Элла Фицджеральд. Первая леди джаза
125 лет назад родилась Элла Фицджеральд.
Одна из величайших вокалисток в истории джаза родилась 25 апреля 1917 года в Америке, в Ньюпорт-Ньюс. Элла Фицджеральд известна также под именем Леди Элла и Первая леди джаза. Обладательница бесчисленных наград, среди которых 14 премий «Грэмми». При жизни певицы было продано более 40 миллиона пластинок.
21 ноября 1934 года на сцене гарлемского кинотеатра «Аполло» в Нью-Йорке стояла высокая тонконогая девушка. Шёл любительский конкурс молодых талантов, и дебютантка собиралась поразить публику зажигательным танцем — что-что, а это она умела! Однако ноги не просто заледенели, они вообще не желали сдвинуться с места. Надо было срочно что-то предпринимать, и растерянная дебютантка пробормотала, что вместо танца исполнит любимые песни матери «Judy» и «The Object of My Affection». Она начала петь, и вскоре смешки в зале сменились раскатами аплодисментов. И сегодня, 88 лет спустя, миллионы поклонников Эллы Фицджеральд по всему миру вспоминают этот неудавшийся танцевальный дебют как благословенный знак небес, подаривший нам величайшую джазовую певицу двадцатого столетия.
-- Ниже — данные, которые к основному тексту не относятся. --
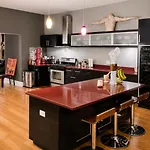 House 5863- Chicago's Premier 4* Chicago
До этой знаменательной в её жизни победы у Эллы были совсем иные планы на будущее. «Я не собиралась становиться певицей; я мечтала танцевать», — призналась она позднее в своей автобиографии. Это были годы, когда весь Гарлем был охвачен танцевальной лихорадкой, пропитан джазовыми мелодиями. Элла попала в Нью-Йорк ребёнком: отец их бросил, и мама с новым мужем решили всей семьей переехать. До смерти матери в 1932 году девочка была образцовым ребёнком, отлично училась, участвовала в школьных представлениях. Потеряв маму, стала жить у тёти в Гарлеме. И тут Эллу словно подменили: забросила школу, подрабатывала танцами в клубах, устроилась смотрительницей в борделе, а потом и вовсе сбежала из дому. Участие и победа в конкурсе в театре «Аполло» повернули её жизнь в иное русло.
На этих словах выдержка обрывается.